The range command works in a similar way to get but looks for a sequence of keys rather than a single point.
Syntax
r [INT1] [INT2]
The 'r' indicates that this is a range request for all the keys from INT1
inclusive to INT2
exclusive. If the range is completely empty than the output should be a blank line, otherwise the output should be a space delineated list of all the found pairs (in the format key:value); order is irrelevant.
Example:
p 10 7
p 13 2
p 17 99
p 12 22
r 10 12
r 10 15
r 14 17
r 0 100
output:
10:7
10:7 12:22 13:2
10:7 12:22 13:2 17:99
In this example, we first put a number of keys and then collect the values with the range command. The first range prints only the pair 10:7. The pair associated with key 12 is not printed because ranges are half open: [lower_key, higher_key)

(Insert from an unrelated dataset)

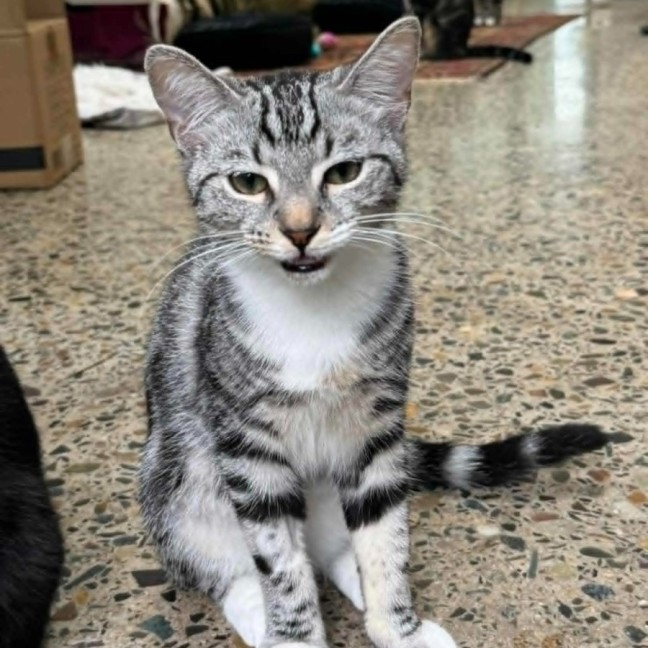 Photo of Otis And Reading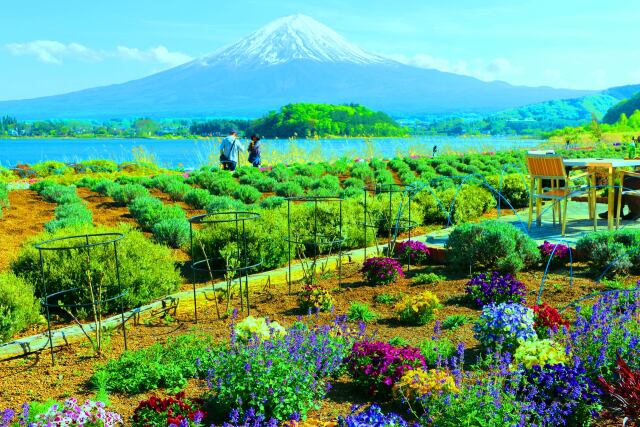 お花畑と富士山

. The next range doesn't include key 17 but captures the others. The range [14,17)
is empty so a blank line is output. Finally an oversized range captures all of the pair.
The delete command will remove a single key-value pair from the LSM-Tree.
Syntax
d [INT1]
The 'd' indicates that this is a delete command for key INT1
and its associated value (whatever that may be). A delete of a non-existing key has no effect.
Example:
p 10 7
p 12 5
g 10
d 10
g 10
g 12
output:
7
5
First the two pairs 10:7 and 12:5 are put into the tree. Next, we get key 10 which outputs the value 7. Key 10 is then deleted which generates no output. When we then try to get key 10 a second time we get a blank as the key has been deleted. Finally we get key 12 which is unaffected by the delete and therefore outputs the value 5.

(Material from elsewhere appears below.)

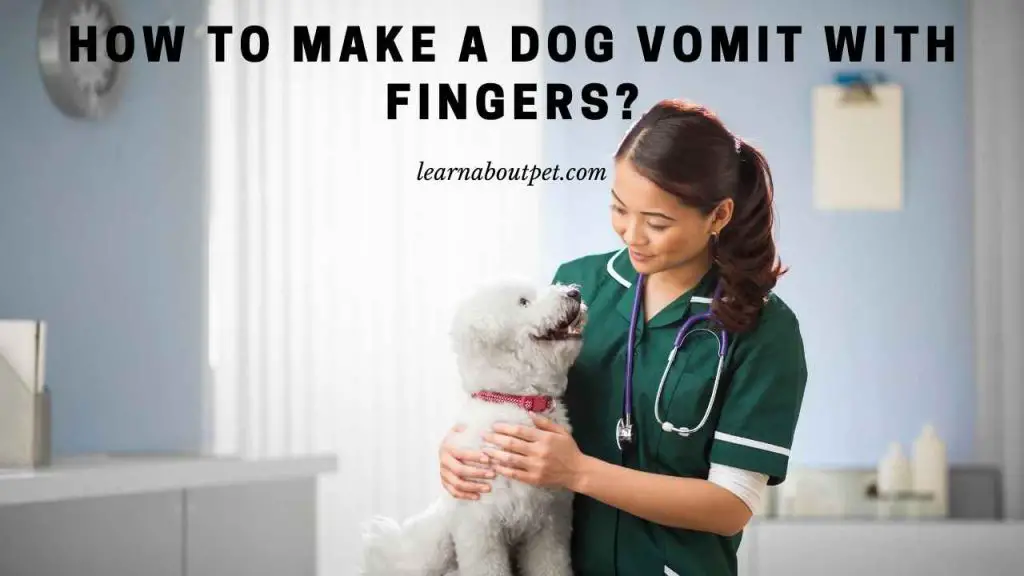 How to make a dog vomit with fingers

The load command is included as a way to insert many values into the tree without the need to read and parse individual ascii lines.
Syntax
l "/path/to/file_name"
The 'l' command code is used for load. This command takes a single string argument. The string is a relative or absolute path to a binary file of integers that should be loaded into the tree. Note that there is no guarantee that the new values being inserted are absent from the current tree or unrepeated in the file, only that all of the pairs are puts in the order of the file.
Example:
l "~/load_file.bin"
This command will load the key value pairs contained in load_file.bin
in the home directory of the user running the workload. The layout of the binary file is
KEYvalueKEYvalueKEYvalue...
There is nothing but key-value pairs in the file. The first 4 bytes are the first key, the next 4 bytes are the first value and so on. Thus, a file of 32768 bytes has 4096 key value pairs to be loaded (though there could be fewer than 4096 pairs once loaded due to existing keys in the tree or duplicated keys in the file).
The print stats command is a command that allows the caller to view some information about the current state of the tree. This is helpful for debugging as well as the final evaluation. Each implementation may vary somewhat but at a minimum the function must include: (1) the number of logical key value pairs in the tree Logical Pairs: [some count]

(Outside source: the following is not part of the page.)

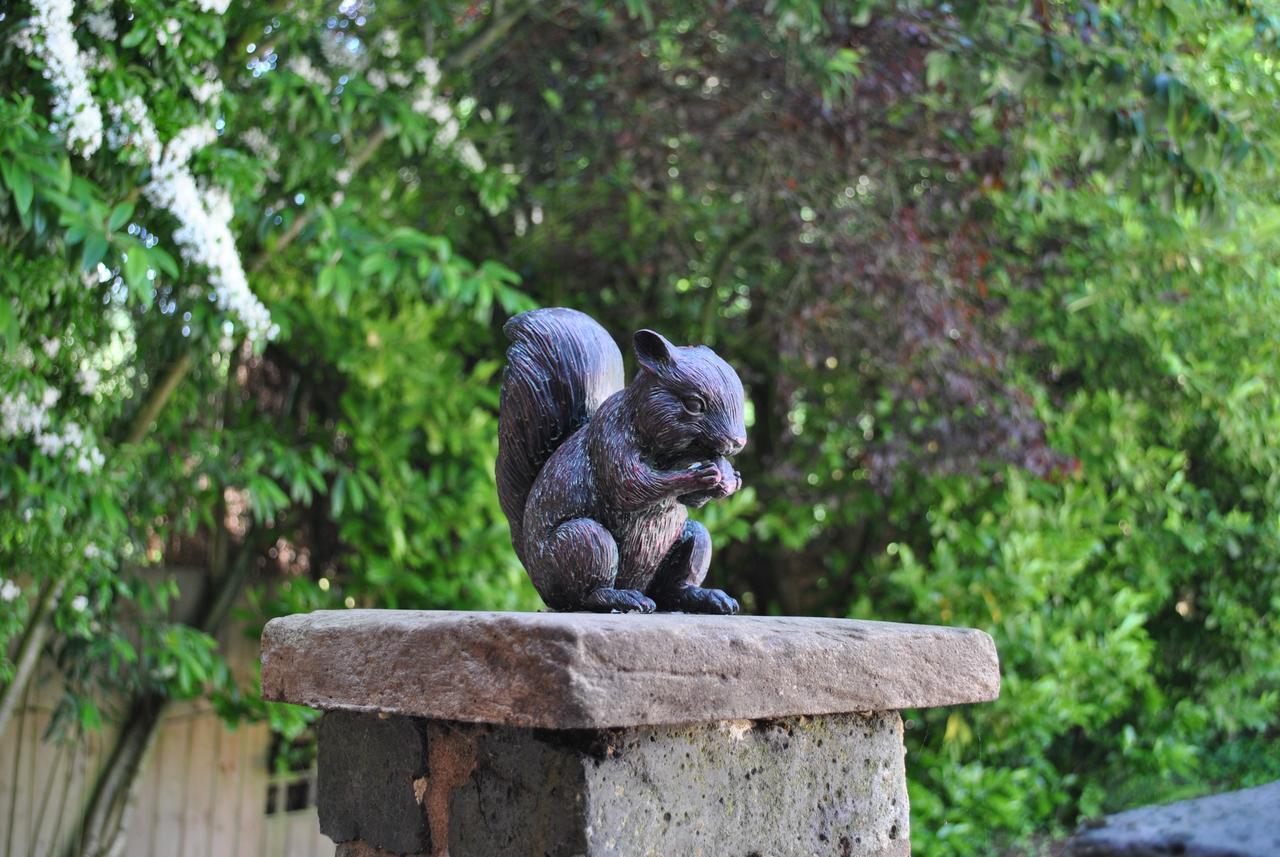 Squirrel Barn Villa Milwich Ngoại thất bức ảnh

; (2) the number of keys in each level of the tree LVL1: [Some count], ... , LVLN [some count]
; (3) a dump of the tree that includes the key, value, and which level it is on [Key]:[Value]:[Level]
.
Syntax
s
The 's' command code is used for printing stats. This command takes no arguments and prints out the stats for the tree.
Example:
This command will print out at a minimum the data listed above. For a very small tree one output might look like:
Logical Pairs: 12
LVL1: 3, LVL3: 11
45:56:L1 56:84:L1 91:45:L1
7:32:L3 19:73:L3 32:91:L3 45:64:L3 58:3:L3 61:10:L3 66:4:L3 85:15:L3 91:71:L3 95:87:L3 97:76:L3
Note: The information about the number of logical key-value pairs excludes all deleted and stale entries. However, they may be included in the per-level information if they actually exist in the tree.